お金と仕事
15歳でホステスに、どん底からドバイで起業 「運ではない。欲」
15歳でホステスになった谷口愛さん。どん底からはい上がり、今はドバイで活躍する起業家に。いつも大事にしていた信念がありました。
お金と仕事
15歳でホステスになった谷口愛さん。どん底からはい上がり、今はドバイで活躍する起業家に。いつも大事にしていた信念がありました。
中東ドバイで商社を経営する谷口愛さん(47)。中卒でホステスになり、親の借金を返しながら働いていた異色の経歴を持つ社長です。つかんだチャンスを逃さずアメリカに留学。猛勉強の末、ドバイで起業し現在の成功を手に入れました。「運が強かったといわれますが、そうではない。どん欲なんです」。そんな谷口さんに、大逆転の人生を歩む心得を聞きました。
「WinWinという言葉が嫌いなんです。お互い利益を得られる、利益分配できてよかったねというのは2人の間ではいいのかもしれませんが、ここからこぼれ落ちる人がいると思うんです」
谷口愛さんは、月一回ドバイをビジネスクラスで往復する起業家だ。
谷口さんは、15歳から17歳までは関西方面でホステスをしていた。店からはきらびやかなドレス、客から高級な食べ物をあてがわれた。店の稼ぎ頭だった。だが、その仕事は望んだことではなく、両親の借金を返すためだった。
高校に進学する中学の同級生を横目に、夕方4時に髪を整え、大人っぽくするために化粧を厚塗りする。アフターで客をうまく処することができず、失敗することもあった。三駅分泣きながら歩き、自分はなぜこうなのか、と涙で前が見えなかった。
「どん底だった。ここからなんとかはい出したいと思っていた」そのために、何が必要か。
「絶対に勉強だと思った。みんなのように高校に、大学に行きたかった」。だが、中学時代の友人も「ソープ嬢」になり、自分も売れっ子ホステス。「中卒で落ちるところまで落ちてしまうと、こうした世界からはい出せない」。進学の機会はないように思えた。
ただ、気持ちは強く持っていた。「母は高卒で父は中卒の家庭で育ちました。子供は親の格差を引き継ぐという言葉がありますが、私はこの負の連鎖を絶対に切ってやると思っていました」。
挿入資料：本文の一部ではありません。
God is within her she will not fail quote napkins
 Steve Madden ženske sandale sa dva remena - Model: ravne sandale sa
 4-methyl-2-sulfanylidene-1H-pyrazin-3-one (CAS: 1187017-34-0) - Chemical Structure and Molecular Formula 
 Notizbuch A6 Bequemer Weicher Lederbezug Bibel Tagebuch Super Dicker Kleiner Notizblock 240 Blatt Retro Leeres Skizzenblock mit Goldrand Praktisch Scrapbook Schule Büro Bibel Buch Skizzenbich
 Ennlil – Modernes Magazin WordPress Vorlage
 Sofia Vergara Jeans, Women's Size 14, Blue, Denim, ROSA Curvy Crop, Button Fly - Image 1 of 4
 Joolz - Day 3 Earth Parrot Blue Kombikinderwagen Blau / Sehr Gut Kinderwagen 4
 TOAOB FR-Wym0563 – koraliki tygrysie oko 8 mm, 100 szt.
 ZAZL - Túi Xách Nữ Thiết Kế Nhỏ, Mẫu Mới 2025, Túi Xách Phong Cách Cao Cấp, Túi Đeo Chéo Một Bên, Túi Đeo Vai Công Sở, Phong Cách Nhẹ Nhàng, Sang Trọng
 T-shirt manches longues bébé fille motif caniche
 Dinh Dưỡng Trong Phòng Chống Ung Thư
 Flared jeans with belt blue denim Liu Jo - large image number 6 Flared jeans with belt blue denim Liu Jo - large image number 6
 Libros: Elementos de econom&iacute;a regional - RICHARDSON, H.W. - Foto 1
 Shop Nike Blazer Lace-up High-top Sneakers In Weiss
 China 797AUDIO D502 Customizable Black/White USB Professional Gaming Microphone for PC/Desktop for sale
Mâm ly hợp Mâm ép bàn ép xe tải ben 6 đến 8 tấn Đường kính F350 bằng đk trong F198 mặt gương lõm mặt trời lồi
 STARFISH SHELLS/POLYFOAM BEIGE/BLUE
17歳の頃、ある人とつきあうようになった。谷口さんは6月に出版した自著「どん底からでも人生は逆転できる。」(世界文化社)に書いているが、ヤクザの親分と知らないままつきあっていたという。その「親分」が「学校に行けるように」と1000万円出してくれたという。このおかげで、借金は完済。夜の仕事から離れることになった。
18歳で昼間の仕事につき、大手製造業の東京大学出身の男性と結婚した。あとで離婚することになるのだが、当時の夫が、米フロリダに異動すると、フロリダのステッソン大に進学するため、猛勉強をした。何度も入学事務所に通っては、アドバイスをもらい、合格を手にした。入学時は34歳になっていた。
授業の内容をボイスレコーダーにとり、学生の面倒をみてくれるチューターに、録音したものを一緒に聞いてもらい、自分で取ったノートと照らし合わせて、どこが聞き取れなかったのかを拾ってもらう作業を毎回やってもらった。ちゃんと聞き取れるようになるのに1年半、自分の意見を言えるようになるまでさらに半年かかった。
ノートをとれなかったら代わりにノートを取ってくれる生徒を探してくれたりしてくれたのは、ベイリー教授という大学入学前から相談をしていた先生だった。
メンターとなってくれたベイリー教授は、悩みを聞いてくれ本のアドバイスなどもくれた。その教授が名付けたあだ名は「ハリケーン愛」。「何か言い出すと、それが片付くまで引かないから」だったという。「押しが強い」のだが、それがバイタリティーがあるとアメリカでは認めてもらえた。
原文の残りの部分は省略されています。